[Problem details] As soon as the line containing "Cpolebev 2 Piezas" appears, start repeating lines exactly and continue to the end of the entries; please skip pictures.

BEGIN Source material

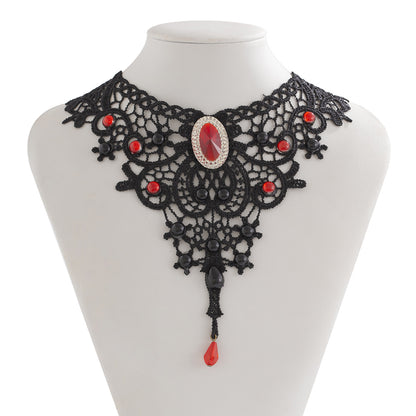Gothic Lace Necklace
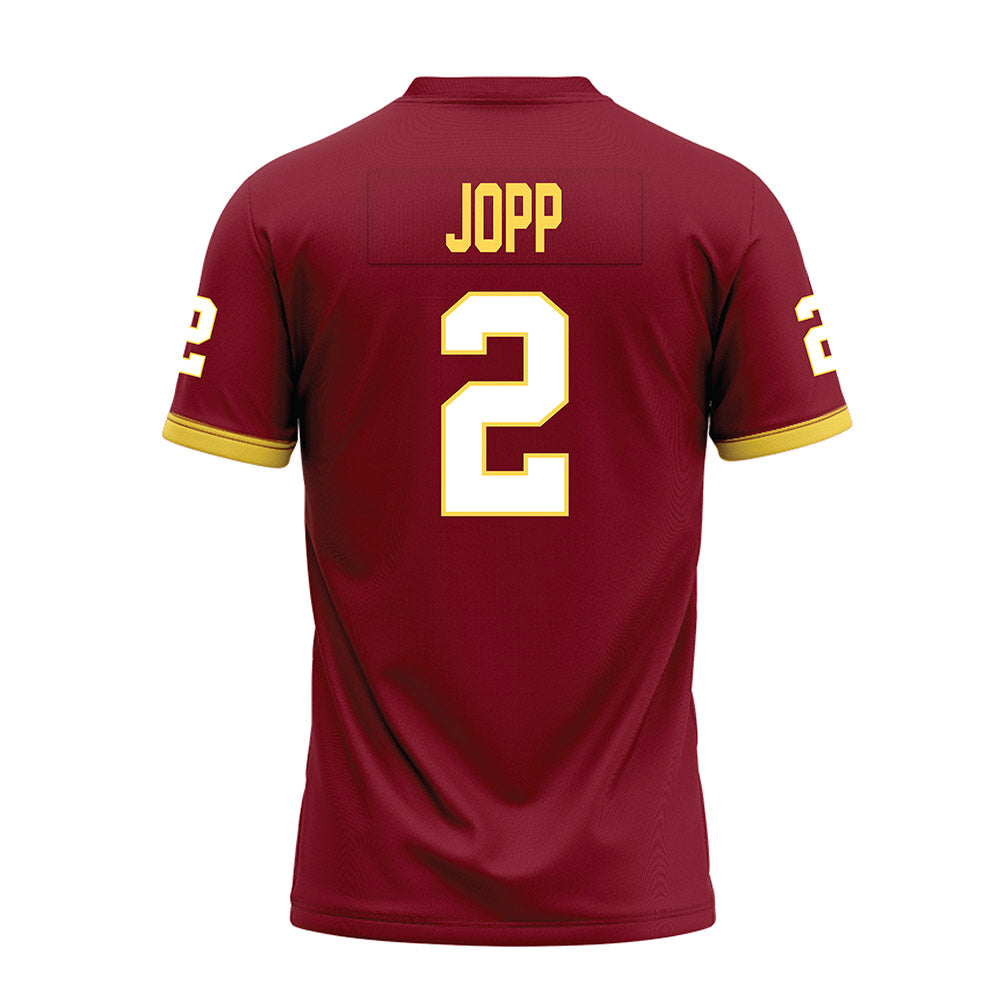 NSU - NCAA Football : Elijah Jopp - Maroon Premium Football Jersey-1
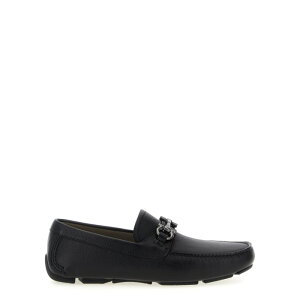 FERRAGAMO tFK Y [t@[ 755610NEROLIGHTGREY 'Parigi New' loafers Black 11 7 8.5 10 8 9 9.5 yE֐ōz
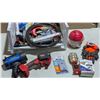 Image 2 : Lot of Assorted Tools & Hardware w/ Mastercraft Spotlight, Lenox Hole Saw, Drywall Anchors, & More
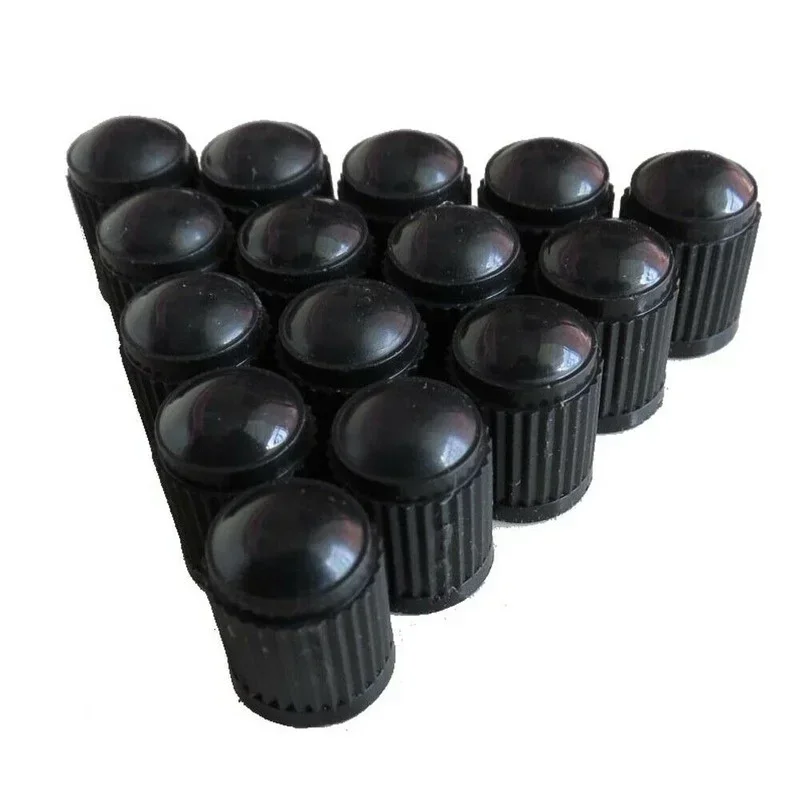 50Pcs Car Auto Truck Wheel Tire Valve Air Dust Cover Stem Cap Black Plastic Universal Car Accessories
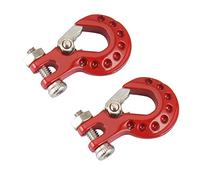 Cpolebev 2 Piezas de Metal Gancho de Remolque DecoracióN Gancho de Cabrestante para 1/10 RC Coche de Orugas Axial SCX10 TRX4 D90 Piezas de ActualizacióN, 1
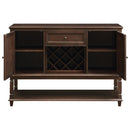  Coaster Furniture Parkins 107415 2-door Sideboard Buffet Cabinet - Rustic Espresso IMAGE 2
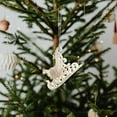 thumbnail image 1 of OEFNTAC Decorations Christmas Hanging Decoration Party Ornament White Plastic Festive Gift Snowflake Lightweight Safe Acrylic Table Centerpiece Entryway 6.10x2.44x0.59in, 1 of 6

END Source material

[Result below]
 Cpolebev 2 Piezas de Metal Gancho de Remolque DecoracióN Gancho de Cabrestante para 1/10 RC Coche de Orugas Axial SCX10 TRX4 D90 Piezas de ActualizacióN, 1
  Coaster Furniture Parkins 107415 2-door Sideboard Buffet Cabinet - Rustic Espresso IMAGE 2
 thumbnail image 1 of OEFNTAC Decorations Christmas Hanging Decoration Party Ornament White Plastic Festive Gift Snowflake Lightweight Safe Acrylic Table Centerpiece Entryway 6.10x2.44x0.59in, 1 of 6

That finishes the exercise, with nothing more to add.